Could you please write out each line of the records exactly, minus the pictures?

[Crawled caption data]
--
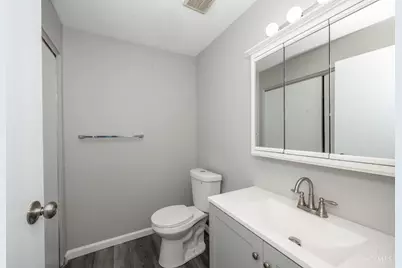 7240 Creekview Drive #7, Colerain Township, OH 45247 - Photo 12
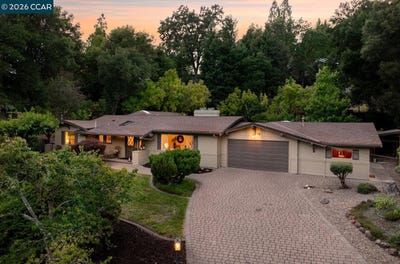 /international/us/19-valley-dr-orinda-ca-110109055800/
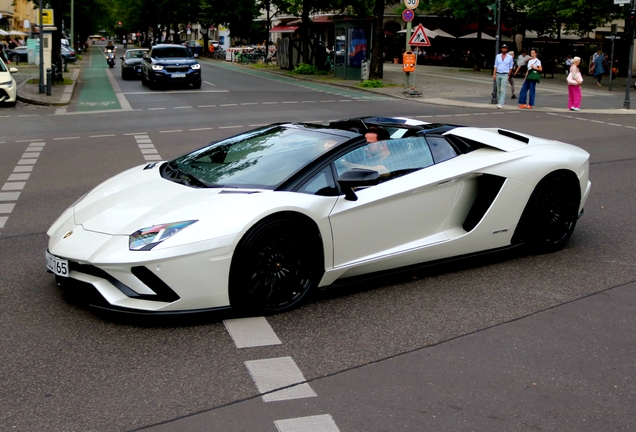 Lamborghini Aventador S LP740-4 Roadster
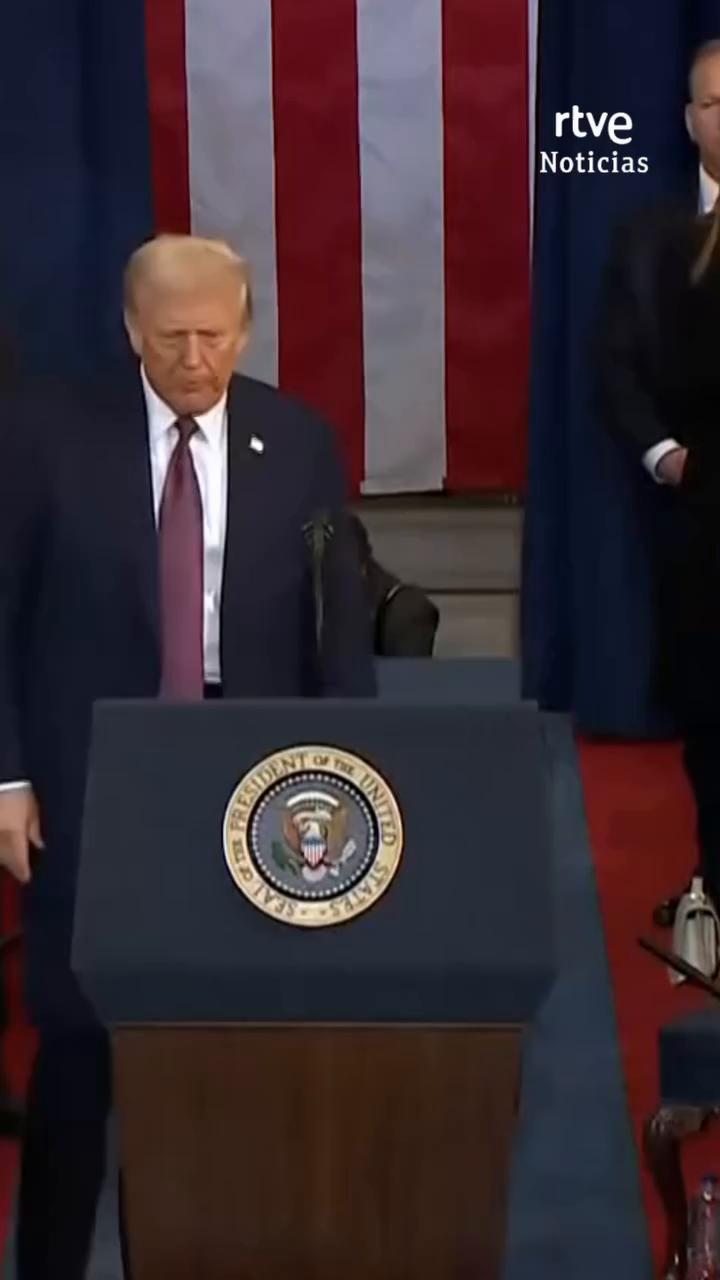 Trump firma orden para expulsar a personas trans de las fuerzas armadas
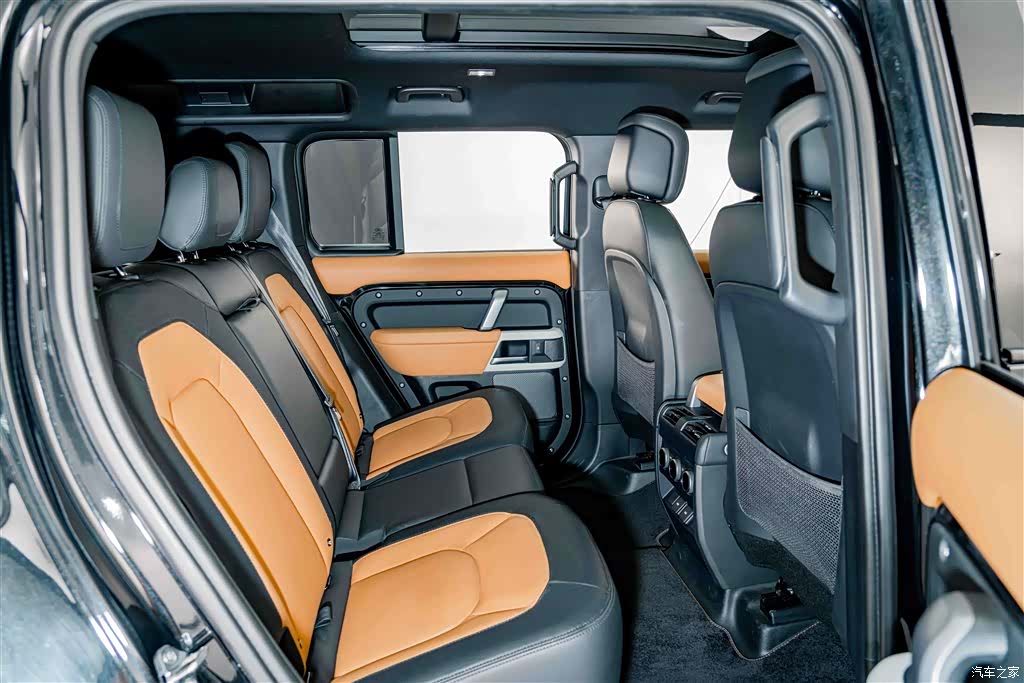 Land Rover Defender, 2023 27
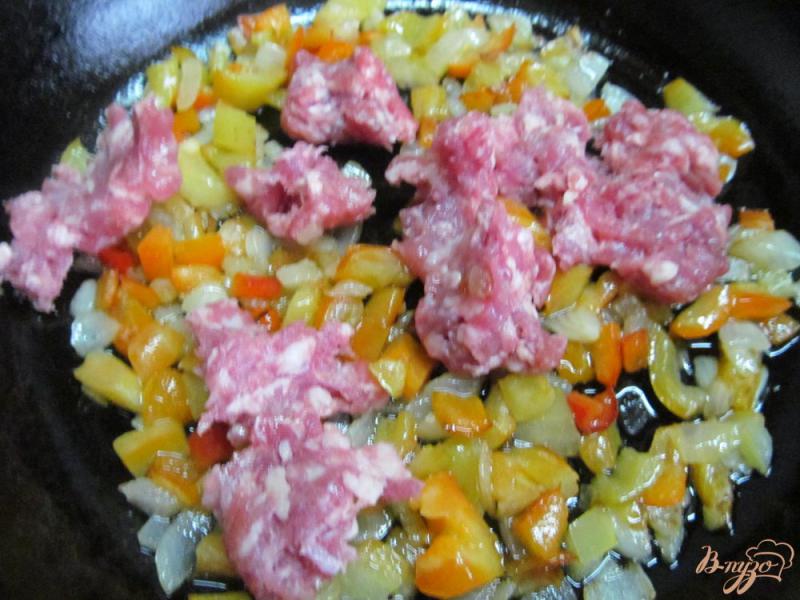 Фото приготовление рецепта: Картофельная запеканка с фаршем на сковороде шаг №2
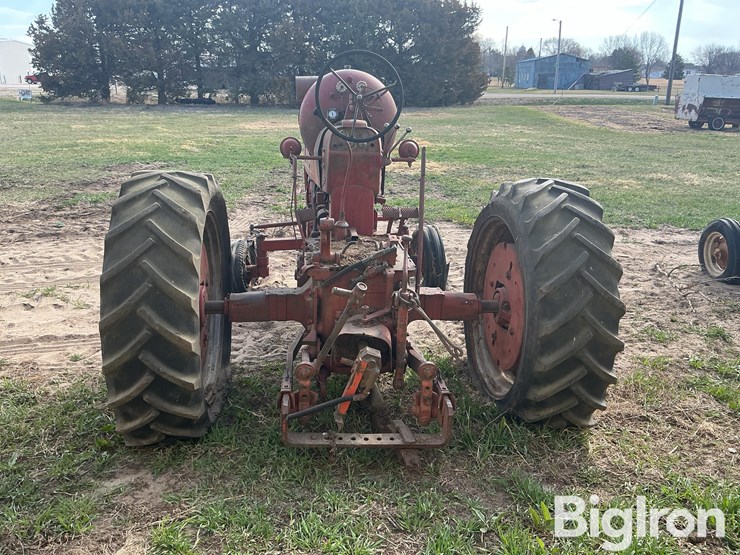 1955-farmall-400-2wd-tractor-image-6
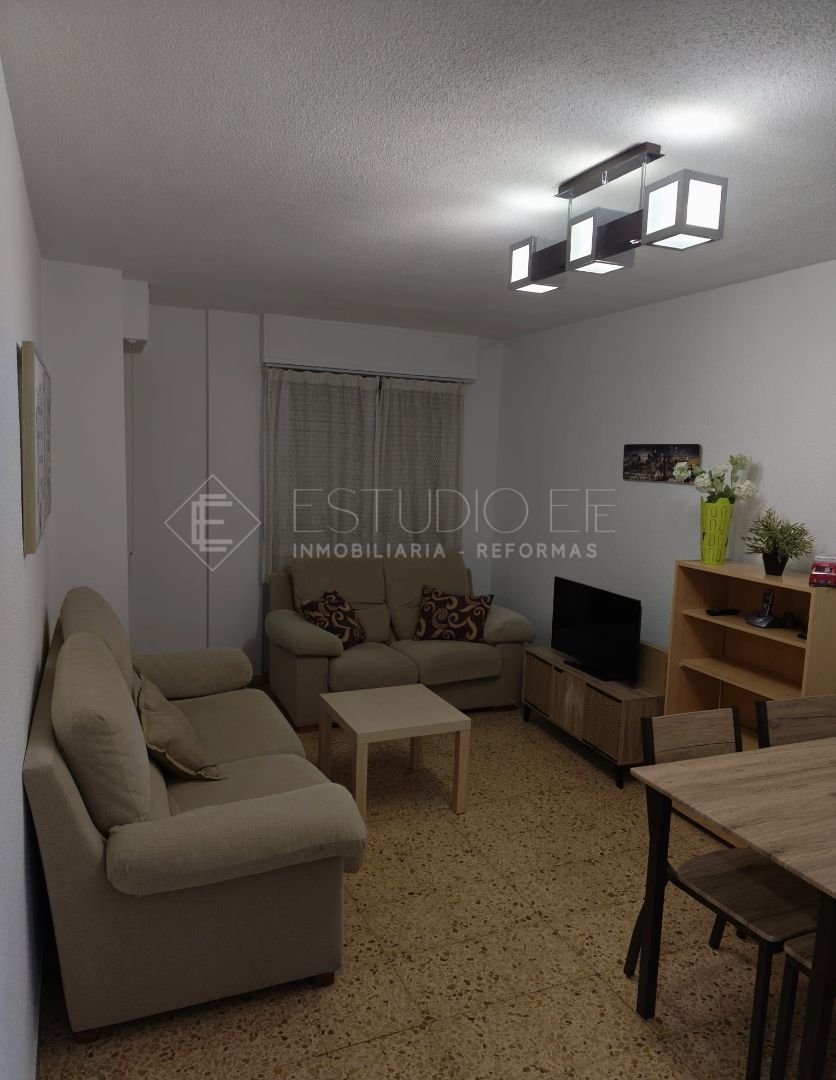 Living room of Flat to rent in Salamanca Capital  with Heating and Furnished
--
Exercise response
 7240 Creekview Drive #7, Colerain Township, OH 45247 - Photo 12
 /international/us/19-valley-dr-orinda-ca-110109055800/
 Lamborghini Aventador S LP740-4 Roadster
 Trump firma orden para expulsar a personas trans de las fuerzas armadas
 Land Rover Defender, 2023 27
 Фото приготовление рецепта: Картофельная запеканка с фаршем на сковороде шаг №2
 1955-farmall-400-2wd-tractor-image-6
 Living room of Flat to rent in Salamanca Capital  with Heating and Furnished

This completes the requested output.